WI the Alhambra decree was revoked?

In 31st March 1492 King Ferdinand of Aragon and Queen Isabella of Castille issued the Alhambra decree less than three months after the surrender of Granada. In it, Jews were accused of trying "to subvert their holy Catholic faith and trying to draw faithful Christians away from their beliefs."
Some Jews were even only given four months and ordered to leave the kingdom or convert to Christianity. Jews were supposedly granted royal "hostility and sub-mutation" for the effective three-month window before the deadline. They were supposedly permitted to take their belongings with them - except "gold or silver or minted money".
The supposed punishment for any Jew who did not leave or convert by the deadline was death. The punishment for a non-Jew who sheltered or hid Jews was the confiscation of all belongings and hereditary privileges.
Don Isaac Abravanel, who had previously ransomed 480 Jewish converts of Malaga from the Catholic monarchs by a payment of 20,000 doubloons, now offered them 600,000 ducats for the revocation of the edict. It is said also that Ferdinand hesitated, but was prevented from accepting the offer by Torquemada, the grand inquisitor, who dashed into the royal presence and, throwing a crucifix down before the king and queen, asked whether, like Judas, they would betray their Lord for money.
WI the joint monarchs of Spain had accepted Abravanel's offer and revoked the Alhambra decree? How is this altering History? Any thoughts?
 

Deleted member 5719

I think that maintaining a Jewish (or Muslim, for that matter) presence in Spain until the modern day is more or less impossible. A rancid, militaristic, exterminatory Catholicism was at the heart of Spain's self image from 1400 to 1650, it was incapable of co-existing with other religions within its borders.
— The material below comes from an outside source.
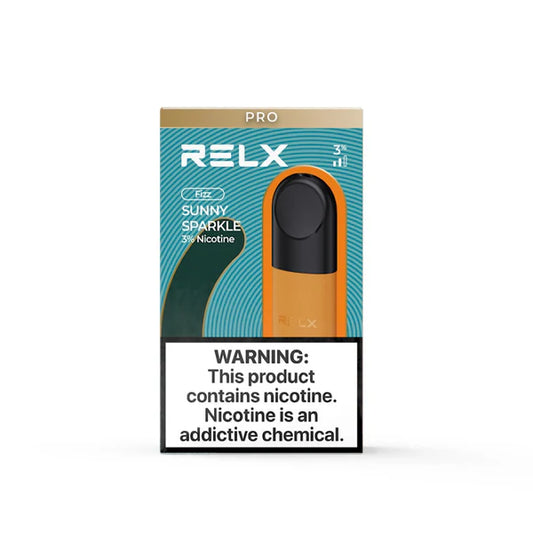 RELX POD PRO - SUNNY SPARKLE (ORANGE ICE) - 3% NICOTINE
Had the Catholic Monarchs taken the bribe, they would have gone back on their word sooner or later, or a later King would have.

The only possibility I can see is them accpting the bribe, then Spain suffering some calamitous defeat (a failed invasion of Morocco, losing the best part of the nobility, for example) before they could go back on their word. A disaster like that, around 1500, before the benefits of the new world were really apparent, might trigger a cultural shift that allowed for a more plural Spain.

Or more likely, it would provide a fresh excuse to chuck out the Jews and Muslims.
 
I think that maintaining a Jewish (or Muslim, for that matter) presence in Spain until the modern day is more or less impossible. A rancid, militaristic, exterminatory Catholicism was at the heart of Spain's self image from 1400 to 1650, it was incapable of co-existing with other religions within its borders.

I do not agree with that. It was not a rancid, militaristic, exterminatory. They saw the ottomans and the moorish lands in the north of Africa as a direct threat. You may say that an invassion was not possible and I agree, but you must not forget that the towns in the spanish coast were either strongly fortified (the big ones) or far away from the coastline (the smaller ones), there were constant raids to capture slaves that were sold in the north of Africa. Philip II even considered the possibility of abandoning Ibiza due to the cost of defending it from the north african pirates!

Why did other collectives and nations stuck to their religious beliefs and hated the different? It was something similar to the greek mistrust of latin christians.

Moreover it was not exterminatory. Cruel maybe, but they did not exterminate them for their beliefs (just think about the hundreds of thousands killed in reformed Europe for witchcraft, Saint Barthelemew killings, the swedish campaigns in Bohemia...
 

Deleted member 5719

Why did other collectives and nations stuck to their religious beliefs and hated the different? It was something similar to the greek mistrust of latin christians.

Moreover it was not exterminatory. Cruel maybe, but they did not exterminate them for their beliefs (just think about the hundreds of thousands killed in reformed Europe for witchcraft, Saint Barthelemew killings, the swedish campaigns in Bohemia...

I agree that there was a level of religious intolerance in Europe generally which created massive destruction...but Spain was a special case.

In 1450 Castille and Aragon were multicultural societies, with 3 faiths co-existing, not as peacefully as in the Ottoman empire, but co-existing nonetheless.

In 1700 Spain was mon-cultural, having forceably expelled all its religious minorities. I know of no other country which had no minorities at this time, even France a few protestants and Jews clung on through the worst of the counter-reformation.